What is andropause?
Andropause, also known as late onset hypogonadism (LOH) is a syndrome associated with advancing age and is characterized by both symptoms and a deficiency in serum testosterone levels.6 It is well established that testosterone levels begin to decline steadily around age 40 and many men will have below normal testosterone levels by age 60.2,6 Symptoms of LOH include low libido, erectile dysfunction , decreased muscle mass and strength, increased body fat, decreased bone mineral density, depressed mood, fatigue and insomnia.3 Since these symptoms are fairly non-specific, The Endocrine Societies’ most recent clinical practice guidelines highlight the importance of diagnosing LOH based on both symptoms and serum testosterone levels.1
While there is no clear-cut laboratory value to diagnose LOH, one of the largest studies using the European Male Aging Database defines LOH as at least 3 symptoms along with a total testosterone level less than 320 ng/dl or a free testosterone level less than 6.5 ng/dl.3 Testosterone levels should be measured in the early morning between 6:00-8:00 AM when serum levels are at their maximum due to diurnal cycling.

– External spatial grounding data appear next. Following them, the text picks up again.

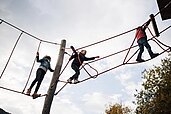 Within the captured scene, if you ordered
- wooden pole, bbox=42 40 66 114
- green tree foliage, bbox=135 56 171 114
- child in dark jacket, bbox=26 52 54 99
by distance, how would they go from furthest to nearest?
1. green tree foliage, bbox=135 56 171 114
2. child in dark jacket, bbox=26 52 54 99
3. wooden pole, bbox=42 40 66 114

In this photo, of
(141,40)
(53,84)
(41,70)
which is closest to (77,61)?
(41,70)

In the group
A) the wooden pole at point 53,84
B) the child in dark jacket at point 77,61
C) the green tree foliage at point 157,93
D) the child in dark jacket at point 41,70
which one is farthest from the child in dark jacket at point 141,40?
the green tree foliage at point 157,93

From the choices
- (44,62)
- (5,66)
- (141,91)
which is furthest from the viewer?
(141,91)

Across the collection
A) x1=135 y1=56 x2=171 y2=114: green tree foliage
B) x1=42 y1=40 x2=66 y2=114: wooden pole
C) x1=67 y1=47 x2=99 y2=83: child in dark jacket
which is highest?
x1=135 y1=56 x2=171 y2=114: green tree foliage

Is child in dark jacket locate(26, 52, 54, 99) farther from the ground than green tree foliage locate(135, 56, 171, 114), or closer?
closer

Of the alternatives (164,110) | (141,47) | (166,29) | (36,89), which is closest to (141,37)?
(141,47)

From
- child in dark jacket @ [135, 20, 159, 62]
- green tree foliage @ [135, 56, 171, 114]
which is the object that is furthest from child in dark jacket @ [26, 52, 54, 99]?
green tree foliage @ [135, 56, 171, 114]

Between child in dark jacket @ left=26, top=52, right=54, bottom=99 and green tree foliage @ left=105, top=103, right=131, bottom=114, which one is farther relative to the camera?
green tree foliage @ left=105, top=103, right=131, bottom=114

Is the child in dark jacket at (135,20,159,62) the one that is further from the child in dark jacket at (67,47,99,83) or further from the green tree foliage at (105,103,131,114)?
the green tree foliage at (105,103,131,114)

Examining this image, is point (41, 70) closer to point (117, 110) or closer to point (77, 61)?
point (77, 61)

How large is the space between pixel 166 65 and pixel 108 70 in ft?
62.3

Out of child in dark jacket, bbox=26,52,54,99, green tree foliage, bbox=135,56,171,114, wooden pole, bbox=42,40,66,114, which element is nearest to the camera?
wooden pole, bbox=42,40,66,114

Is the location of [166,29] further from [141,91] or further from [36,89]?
[141,91]

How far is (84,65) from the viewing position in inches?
349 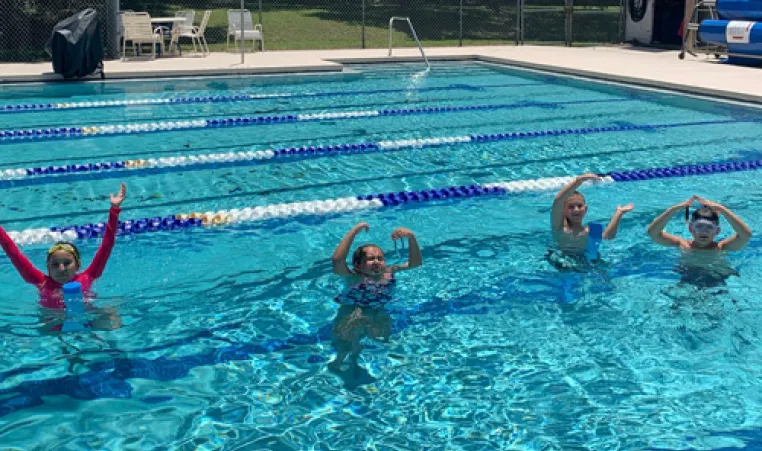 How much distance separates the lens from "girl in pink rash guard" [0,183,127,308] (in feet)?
15.8

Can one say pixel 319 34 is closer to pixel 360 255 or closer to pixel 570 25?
pixel 570 25

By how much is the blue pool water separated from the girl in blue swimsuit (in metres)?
0.11

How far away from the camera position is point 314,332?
5.04m

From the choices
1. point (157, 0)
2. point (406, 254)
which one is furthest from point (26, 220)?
point (157, 0)

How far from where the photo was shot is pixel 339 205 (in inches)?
298

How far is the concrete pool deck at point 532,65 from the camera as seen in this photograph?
566 inches

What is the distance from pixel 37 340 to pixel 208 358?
1.02 meters

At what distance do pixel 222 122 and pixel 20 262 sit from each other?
698 centimetres

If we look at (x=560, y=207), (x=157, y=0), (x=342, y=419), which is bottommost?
(x=342, y=419)

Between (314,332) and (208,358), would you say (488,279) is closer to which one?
(314,332)

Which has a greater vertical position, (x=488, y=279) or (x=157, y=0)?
(x=157, y=0)

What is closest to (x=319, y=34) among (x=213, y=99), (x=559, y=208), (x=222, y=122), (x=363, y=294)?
(x=213, y=99)

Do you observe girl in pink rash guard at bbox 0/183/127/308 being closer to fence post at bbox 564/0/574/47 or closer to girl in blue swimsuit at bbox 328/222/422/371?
girl in blue swimsuit at bbox 328/222/422/371

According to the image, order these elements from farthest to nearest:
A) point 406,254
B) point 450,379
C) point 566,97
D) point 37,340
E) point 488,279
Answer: point 566,97 < point 406,254 < point 488,279 < point 37,340 < point 450,379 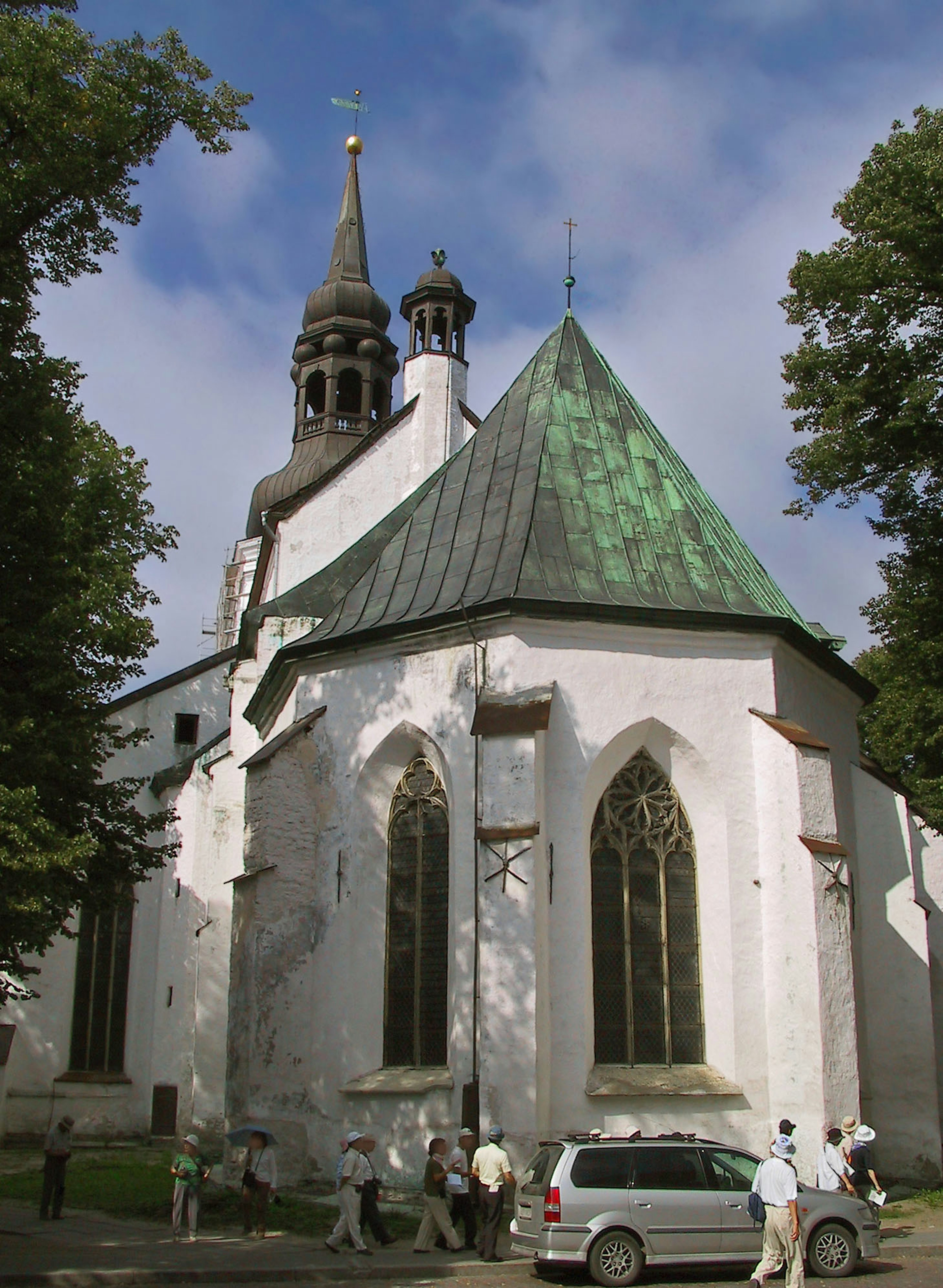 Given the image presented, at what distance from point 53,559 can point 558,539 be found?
6.28 meters

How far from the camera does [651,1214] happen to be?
403 inches

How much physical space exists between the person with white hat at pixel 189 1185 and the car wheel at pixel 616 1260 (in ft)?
14.1

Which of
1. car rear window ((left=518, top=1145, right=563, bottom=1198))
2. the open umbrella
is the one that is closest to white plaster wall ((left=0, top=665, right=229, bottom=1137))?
the open umbrella

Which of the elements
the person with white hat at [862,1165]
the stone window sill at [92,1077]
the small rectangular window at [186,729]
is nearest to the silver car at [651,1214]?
the person with white hat at [862,1165]

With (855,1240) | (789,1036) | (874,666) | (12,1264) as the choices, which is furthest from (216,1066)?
(874,666)

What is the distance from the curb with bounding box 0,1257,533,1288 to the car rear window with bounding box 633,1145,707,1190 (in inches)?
51.4

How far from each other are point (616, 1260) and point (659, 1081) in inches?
125

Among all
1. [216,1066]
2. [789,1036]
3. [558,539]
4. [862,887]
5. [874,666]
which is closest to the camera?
[789,1036]

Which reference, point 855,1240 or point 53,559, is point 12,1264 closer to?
point 53,559

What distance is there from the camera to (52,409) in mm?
11281

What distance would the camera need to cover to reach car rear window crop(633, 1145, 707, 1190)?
10367 millimetres

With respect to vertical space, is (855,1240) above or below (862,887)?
below

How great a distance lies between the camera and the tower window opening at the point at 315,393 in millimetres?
32625

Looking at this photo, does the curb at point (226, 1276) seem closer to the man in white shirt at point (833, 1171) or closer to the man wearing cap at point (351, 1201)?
the man wearing cap at point (351, 1201) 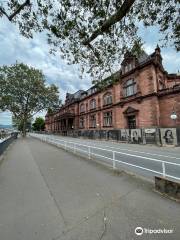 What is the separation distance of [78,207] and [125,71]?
28.8 m

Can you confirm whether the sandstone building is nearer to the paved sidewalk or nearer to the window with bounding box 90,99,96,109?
the window with bounding box 90,99,96,109

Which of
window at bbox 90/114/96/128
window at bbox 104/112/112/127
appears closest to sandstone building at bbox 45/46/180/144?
window at bbox 104/112/112/127

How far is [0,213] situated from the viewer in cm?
344

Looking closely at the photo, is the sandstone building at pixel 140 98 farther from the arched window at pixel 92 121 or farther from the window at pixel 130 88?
the arched window at pixel 92 121

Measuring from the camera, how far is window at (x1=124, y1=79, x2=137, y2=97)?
27.4m

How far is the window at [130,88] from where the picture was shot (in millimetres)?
27364

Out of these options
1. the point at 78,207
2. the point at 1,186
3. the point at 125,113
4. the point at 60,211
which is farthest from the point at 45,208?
the point at 125,113

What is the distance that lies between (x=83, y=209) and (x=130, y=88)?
26941 millimetres

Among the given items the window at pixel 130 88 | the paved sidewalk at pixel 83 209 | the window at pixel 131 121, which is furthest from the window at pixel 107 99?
the paved sidewalk at pixel 83 209

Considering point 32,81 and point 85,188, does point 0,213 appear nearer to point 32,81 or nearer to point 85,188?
point 85,188

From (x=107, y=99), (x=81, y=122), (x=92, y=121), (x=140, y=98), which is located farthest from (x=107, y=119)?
(x=81, y=122)

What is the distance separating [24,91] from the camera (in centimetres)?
3719

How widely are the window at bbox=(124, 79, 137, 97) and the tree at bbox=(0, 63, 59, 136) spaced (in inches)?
760

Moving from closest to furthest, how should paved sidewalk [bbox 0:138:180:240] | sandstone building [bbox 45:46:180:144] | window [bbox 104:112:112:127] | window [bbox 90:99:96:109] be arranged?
paved sidewalk [bbox 0:138:180:240]
sandstone building [bbox 45:46:180:144]
window [bbox 104:112:112:127]
window [bbox 90:99:96:109] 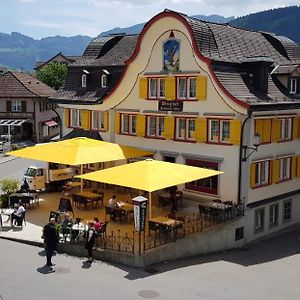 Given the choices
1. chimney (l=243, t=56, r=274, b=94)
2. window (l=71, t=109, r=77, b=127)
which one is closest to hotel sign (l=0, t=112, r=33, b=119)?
window (l=71, t=109, r=77, b=127)

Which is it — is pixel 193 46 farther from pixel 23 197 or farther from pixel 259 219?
pixel 23 197

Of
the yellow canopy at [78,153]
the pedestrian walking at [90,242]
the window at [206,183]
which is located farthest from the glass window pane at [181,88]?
the pedestrian walking at [90,242]

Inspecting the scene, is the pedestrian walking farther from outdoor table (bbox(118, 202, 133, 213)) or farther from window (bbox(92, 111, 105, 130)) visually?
window (bbox(92, 111, 105, 130))

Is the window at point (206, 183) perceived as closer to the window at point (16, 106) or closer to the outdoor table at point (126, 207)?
the outdoor table at point (126, 207)

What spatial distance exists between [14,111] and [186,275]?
4485 centimetres

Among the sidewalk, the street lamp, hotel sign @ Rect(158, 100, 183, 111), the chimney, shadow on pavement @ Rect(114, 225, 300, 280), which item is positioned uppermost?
the chimney

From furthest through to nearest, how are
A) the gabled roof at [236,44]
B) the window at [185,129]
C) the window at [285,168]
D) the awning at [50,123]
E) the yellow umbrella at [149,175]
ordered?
the awning at [50,123] < the window at [285,168] < the window at [185,129] < the gabled roof at [236,44] < the yellow umbrella at [149,175]

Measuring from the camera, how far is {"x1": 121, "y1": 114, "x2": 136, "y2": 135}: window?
31.1m

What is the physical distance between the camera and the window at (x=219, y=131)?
26.1 meters

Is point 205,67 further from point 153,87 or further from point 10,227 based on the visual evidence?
point 10,227

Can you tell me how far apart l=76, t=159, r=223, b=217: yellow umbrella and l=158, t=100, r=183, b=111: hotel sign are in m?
5.57

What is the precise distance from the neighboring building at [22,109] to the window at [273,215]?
36.6 meters

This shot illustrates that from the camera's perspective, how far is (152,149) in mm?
29703

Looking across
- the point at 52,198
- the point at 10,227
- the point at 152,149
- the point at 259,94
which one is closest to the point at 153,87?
the point at 152,149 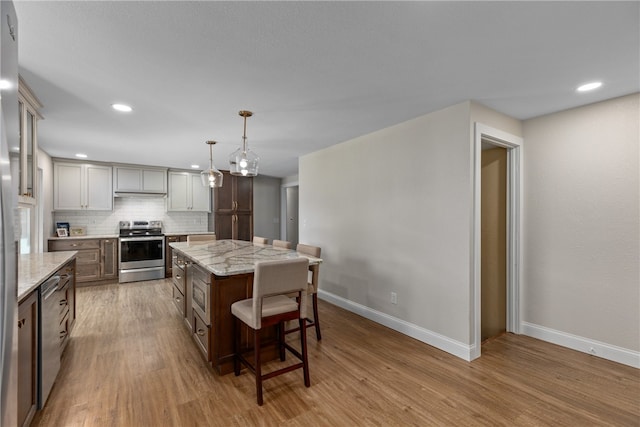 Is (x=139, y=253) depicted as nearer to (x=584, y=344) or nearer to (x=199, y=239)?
(x=199, y=239)

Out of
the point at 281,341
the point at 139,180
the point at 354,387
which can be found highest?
the point at 139,180

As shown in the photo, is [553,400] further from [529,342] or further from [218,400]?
[218,400]

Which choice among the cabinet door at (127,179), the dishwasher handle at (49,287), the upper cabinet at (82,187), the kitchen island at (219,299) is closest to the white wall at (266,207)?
the cabinet door at (127,179)

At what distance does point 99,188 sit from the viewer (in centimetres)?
553

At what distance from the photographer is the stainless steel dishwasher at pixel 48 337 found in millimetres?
1906

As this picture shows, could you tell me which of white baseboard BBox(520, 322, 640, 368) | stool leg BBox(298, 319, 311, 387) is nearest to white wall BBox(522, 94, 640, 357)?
white baseboard BBox(520, 322, 640, 368)

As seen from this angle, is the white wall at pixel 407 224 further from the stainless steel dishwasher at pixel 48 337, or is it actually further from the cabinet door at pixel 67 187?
the cabinet door at pixel 67 187

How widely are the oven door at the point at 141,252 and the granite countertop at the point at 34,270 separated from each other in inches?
98.4

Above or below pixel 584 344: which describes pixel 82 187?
above

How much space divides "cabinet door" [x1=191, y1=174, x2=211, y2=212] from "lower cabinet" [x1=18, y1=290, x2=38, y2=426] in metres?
4.75

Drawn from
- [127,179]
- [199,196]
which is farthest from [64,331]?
[199,196]

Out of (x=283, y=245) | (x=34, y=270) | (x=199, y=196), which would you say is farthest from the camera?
(x=199, y=196)

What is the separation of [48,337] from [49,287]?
34cm

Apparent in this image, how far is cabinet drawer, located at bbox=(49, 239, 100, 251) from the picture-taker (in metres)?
4.87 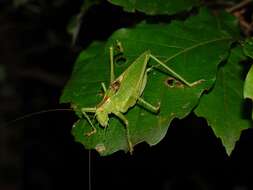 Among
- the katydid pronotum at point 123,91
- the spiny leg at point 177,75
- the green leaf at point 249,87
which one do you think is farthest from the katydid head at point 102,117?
the green leaf at point 249,87

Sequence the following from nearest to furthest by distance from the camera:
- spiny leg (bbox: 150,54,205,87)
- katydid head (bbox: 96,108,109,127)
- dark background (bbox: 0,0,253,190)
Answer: spiny leg (bbox: 150,54,205,87) < katydid head (bbox: 96,108,109,127) < dark background (bbox: 0,0,253,190)

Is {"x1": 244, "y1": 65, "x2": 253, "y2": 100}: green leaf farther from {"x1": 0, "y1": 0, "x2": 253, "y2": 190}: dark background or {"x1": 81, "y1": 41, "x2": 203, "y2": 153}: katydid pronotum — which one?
{"x1": 0, "y1": 0, "x2": 253, "y2": 190}: dark background

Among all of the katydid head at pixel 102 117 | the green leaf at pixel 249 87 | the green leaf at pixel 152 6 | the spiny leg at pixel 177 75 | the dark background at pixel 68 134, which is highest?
the green leaf at pixel 249 87

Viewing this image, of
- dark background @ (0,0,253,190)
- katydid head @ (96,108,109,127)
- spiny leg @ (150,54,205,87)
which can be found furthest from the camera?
dark background @ (0,0,253,190)

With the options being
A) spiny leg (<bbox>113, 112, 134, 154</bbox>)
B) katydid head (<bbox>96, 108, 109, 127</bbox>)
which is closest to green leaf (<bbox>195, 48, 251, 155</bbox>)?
spiny leg (<bbox>113, 112, 134, 154</bbox>)

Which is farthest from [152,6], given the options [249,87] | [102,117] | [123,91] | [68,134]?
[68,134]

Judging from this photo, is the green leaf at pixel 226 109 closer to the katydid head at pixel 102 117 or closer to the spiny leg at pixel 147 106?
the spiny leg at pixel 147 106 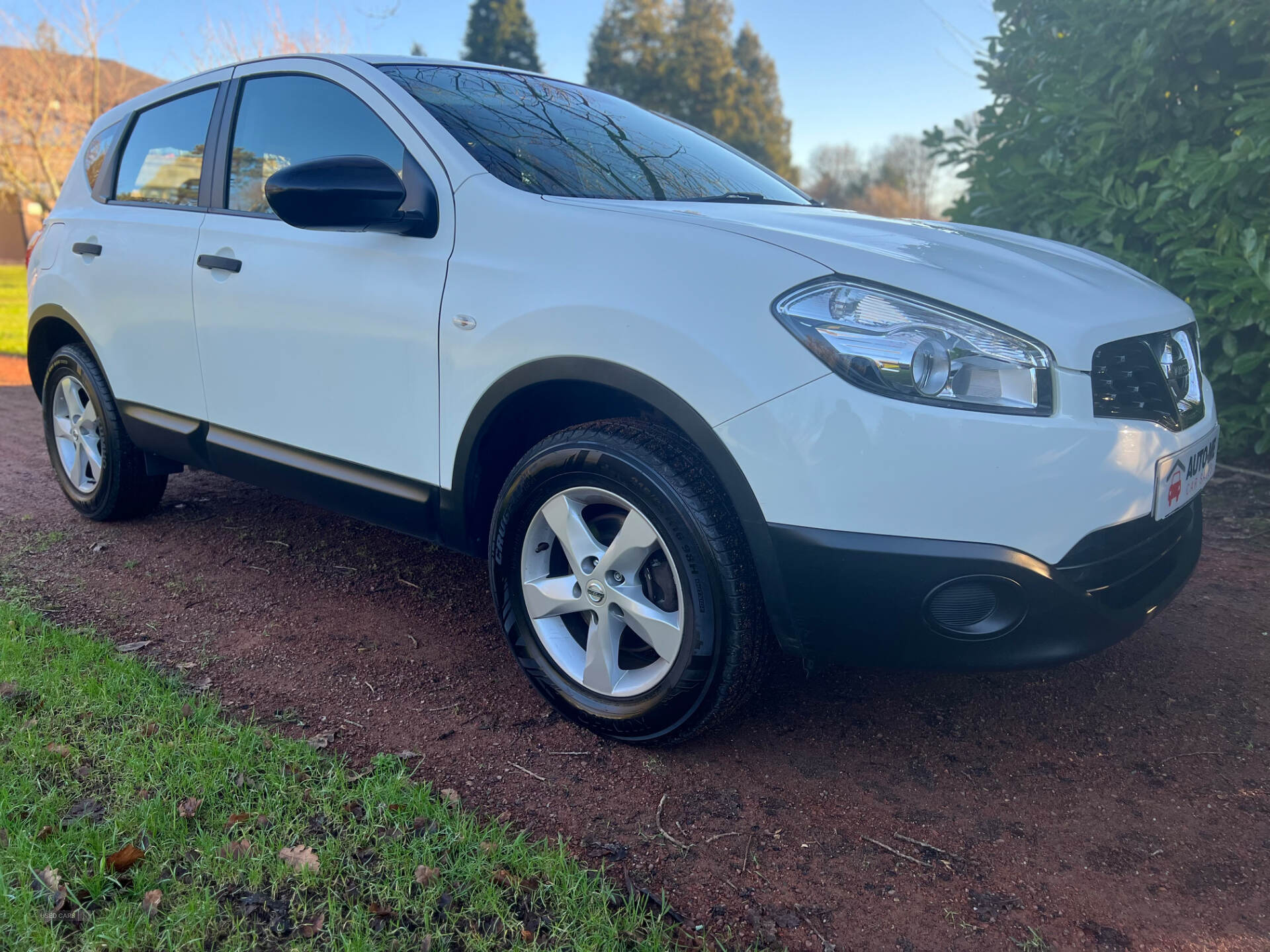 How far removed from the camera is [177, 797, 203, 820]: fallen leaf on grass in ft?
6.97

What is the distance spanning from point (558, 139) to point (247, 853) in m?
2.19

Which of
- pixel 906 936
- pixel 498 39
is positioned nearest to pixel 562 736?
pixel 906 936

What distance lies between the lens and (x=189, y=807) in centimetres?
215

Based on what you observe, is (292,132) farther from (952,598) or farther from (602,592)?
(952,598)

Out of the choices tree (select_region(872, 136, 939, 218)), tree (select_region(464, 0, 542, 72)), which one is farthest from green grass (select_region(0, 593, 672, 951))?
tree (select_region(872, 136, 939, 218))

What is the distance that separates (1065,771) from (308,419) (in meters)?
2.45

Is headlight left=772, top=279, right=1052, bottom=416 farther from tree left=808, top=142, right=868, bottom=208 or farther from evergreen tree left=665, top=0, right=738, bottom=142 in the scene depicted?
tree left=808, top=142, right=868, bottom=208

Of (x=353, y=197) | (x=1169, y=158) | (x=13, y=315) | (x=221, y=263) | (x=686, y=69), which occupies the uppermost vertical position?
(x=686, y=69)

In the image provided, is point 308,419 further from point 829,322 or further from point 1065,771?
point 1065,771

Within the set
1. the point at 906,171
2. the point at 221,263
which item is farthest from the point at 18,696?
the point at 906,171

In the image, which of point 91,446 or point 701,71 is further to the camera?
point 701,71

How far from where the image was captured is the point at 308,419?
3.04 meters

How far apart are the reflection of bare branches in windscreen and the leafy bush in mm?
2754

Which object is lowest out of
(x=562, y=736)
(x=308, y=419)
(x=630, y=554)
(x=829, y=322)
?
(x=562, y=736) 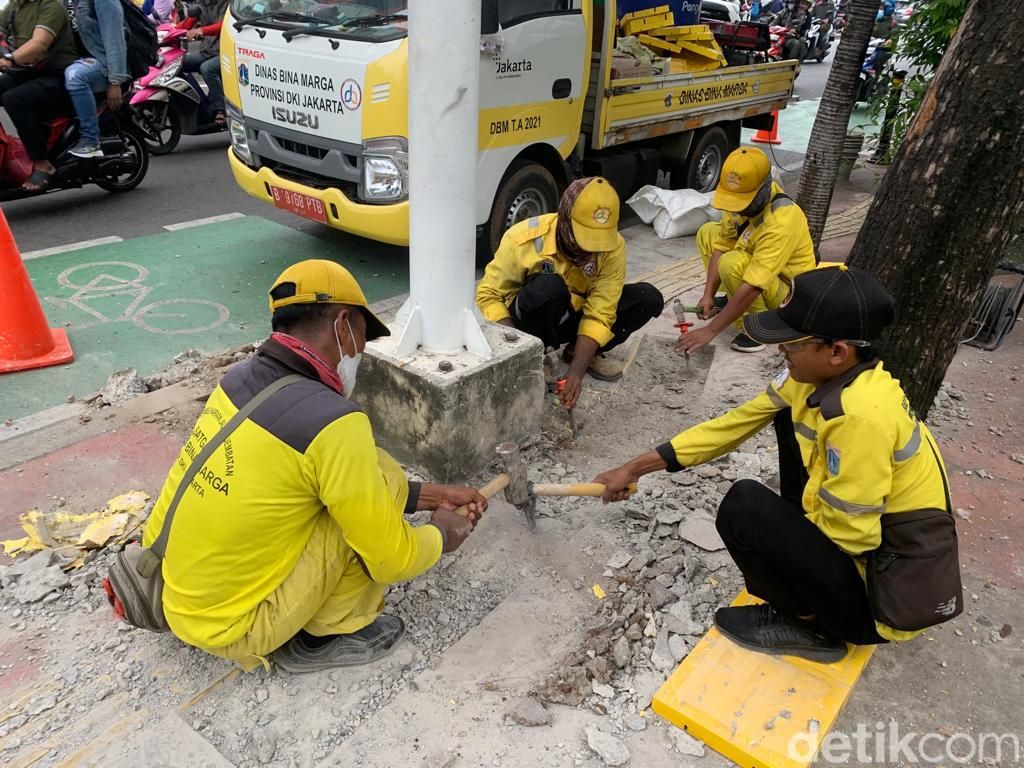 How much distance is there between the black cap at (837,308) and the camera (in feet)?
6.19

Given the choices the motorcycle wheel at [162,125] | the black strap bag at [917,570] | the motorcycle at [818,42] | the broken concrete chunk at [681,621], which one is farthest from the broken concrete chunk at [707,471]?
the motorcycle at [818,42]

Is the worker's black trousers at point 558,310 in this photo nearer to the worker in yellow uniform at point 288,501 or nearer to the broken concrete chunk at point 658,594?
the broken concrete chunk at point 658,594

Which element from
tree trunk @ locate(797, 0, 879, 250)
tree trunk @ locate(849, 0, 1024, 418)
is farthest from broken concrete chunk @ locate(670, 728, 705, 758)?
tree trunk @ locate(797, 0, 879, 250)

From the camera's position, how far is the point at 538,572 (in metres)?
2.72

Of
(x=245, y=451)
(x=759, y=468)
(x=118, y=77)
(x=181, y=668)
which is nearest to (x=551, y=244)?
(x=759, y=468)

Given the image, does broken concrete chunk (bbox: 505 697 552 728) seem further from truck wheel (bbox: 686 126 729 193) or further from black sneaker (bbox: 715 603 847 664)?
truck wheel (bbox: 686 126 729 193)

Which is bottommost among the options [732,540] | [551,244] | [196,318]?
[196,318]

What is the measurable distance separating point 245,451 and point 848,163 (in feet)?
28.5

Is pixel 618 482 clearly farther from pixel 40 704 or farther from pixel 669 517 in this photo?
pixel 40 704

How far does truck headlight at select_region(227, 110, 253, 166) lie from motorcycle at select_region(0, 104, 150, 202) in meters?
1.53

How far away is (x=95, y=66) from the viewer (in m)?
5.98

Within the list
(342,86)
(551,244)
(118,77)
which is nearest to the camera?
(551,244)

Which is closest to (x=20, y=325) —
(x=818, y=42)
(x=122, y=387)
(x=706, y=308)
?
(x=122, y=387)

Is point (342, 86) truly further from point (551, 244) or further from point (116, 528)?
point (116, 528)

Luteinizing hormone (LH) and follicular stimulating hormone (FSH) levels should also be measured to rule out secondary (pituitary or hypothalamic) causes of LOH.2,3
Symptomatic men with low testosterone levels should be treated in order to maintain secondary sex characteristics, improve sexual function, sense of well-being, brain function, sleep patterns, bone mineral density, muscle mass and overall quality of life.3 The goal of replacement is to not only improve symptoms, but also to raise testosterone levels into the range of healthy young men, approximately 400-700 ng/dl.1 Although testosterone treatment is safe for most patients, there are several disease states for which testosterone therapy is not recommended. These include: patients with breast or metastatic prostate cancer, a palpable prostate nodule or PSA over 4ng/ml (or over 3ng/ml in men at high risk), hematocrit above 50%, patients with severe sleep apnea, severe lower urinary tract symptoms, heart failure or those desiring fertility.1
While there are many dosage forms available for testosterone administration, the preferred methods include weekly IM injections, testosterone patches, gel, buccal tablets or implantable testosterone pellets. Orally available forms are not FDA approved and should not be used due to variable clinical response and potential liver toxicity.1 Compounded testosterone creams may be of benefit because they can be adjusted to any strength and tailored according to a patients symptoms and blood levels.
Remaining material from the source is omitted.